» EXERCISE DIRECTIONS:
Your answer must hold only the lines below from the line containing "Front view of" through the line containing "Photo of Delicious", each reproduced exactly.

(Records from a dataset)
::::::

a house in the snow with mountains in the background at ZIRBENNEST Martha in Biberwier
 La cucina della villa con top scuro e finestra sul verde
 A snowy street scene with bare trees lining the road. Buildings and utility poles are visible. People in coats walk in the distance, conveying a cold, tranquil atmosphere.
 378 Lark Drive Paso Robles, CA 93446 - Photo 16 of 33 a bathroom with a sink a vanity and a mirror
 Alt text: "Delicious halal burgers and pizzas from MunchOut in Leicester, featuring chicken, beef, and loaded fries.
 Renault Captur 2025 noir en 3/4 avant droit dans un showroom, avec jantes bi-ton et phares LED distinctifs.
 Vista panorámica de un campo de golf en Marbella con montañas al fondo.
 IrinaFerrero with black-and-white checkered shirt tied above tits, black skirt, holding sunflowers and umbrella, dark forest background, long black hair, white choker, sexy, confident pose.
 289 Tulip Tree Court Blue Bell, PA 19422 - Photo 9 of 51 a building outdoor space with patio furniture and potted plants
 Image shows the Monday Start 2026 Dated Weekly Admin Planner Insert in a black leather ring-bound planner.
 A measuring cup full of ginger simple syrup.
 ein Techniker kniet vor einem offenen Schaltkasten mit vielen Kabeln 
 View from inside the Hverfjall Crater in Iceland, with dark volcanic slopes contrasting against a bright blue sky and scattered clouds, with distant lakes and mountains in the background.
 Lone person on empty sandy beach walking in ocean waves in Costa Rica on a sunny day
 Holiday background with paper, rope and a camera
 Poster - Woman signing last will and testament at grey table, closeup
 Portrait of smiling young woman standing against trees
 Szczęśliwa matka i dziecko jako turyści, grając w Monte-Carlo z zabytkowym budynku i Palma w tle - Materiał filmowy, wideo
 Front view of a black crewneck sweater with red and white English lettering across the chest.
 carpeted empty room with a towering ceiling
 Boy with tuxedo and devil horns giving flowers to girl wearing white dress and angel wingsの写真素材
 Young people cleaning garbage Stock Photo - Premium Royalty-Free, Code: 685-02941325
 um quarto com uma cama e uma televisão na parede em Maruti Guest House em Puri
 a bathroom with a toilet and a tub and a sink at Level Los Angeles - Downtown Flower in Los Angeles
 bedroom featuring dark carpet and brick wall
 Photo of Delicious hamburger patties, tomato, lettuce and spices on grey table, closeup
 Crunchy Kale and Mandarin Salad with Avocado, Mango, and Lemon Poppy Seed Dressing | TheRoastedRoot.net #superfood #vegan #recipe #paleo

::::::

» RESULT FOR THIS TASK:
 Front view of a black crewneck sweater with red and white English lettering across the chest.
 carpeted empty room with a towering ceiling
 Boy with tuxedo and devil horns giving flowers to girl wearing white dress and angel wingsの写真素材
 Young people cleaning garbage Stock Photo - Premium Royalty-Free, Code: 685-02941325
 um quarto com uma cama e uma televisão na parede em Maruti Guest House em Puri
 a bathroom with a toilet and a tub and a sink at Level Los Angeles - Downtown Flower in Los Angeles
 bedroom featuring dark carpet and brick wall
 Photo of Delicious hamburger patties, tomato, lettuce and spices on grey table, closeup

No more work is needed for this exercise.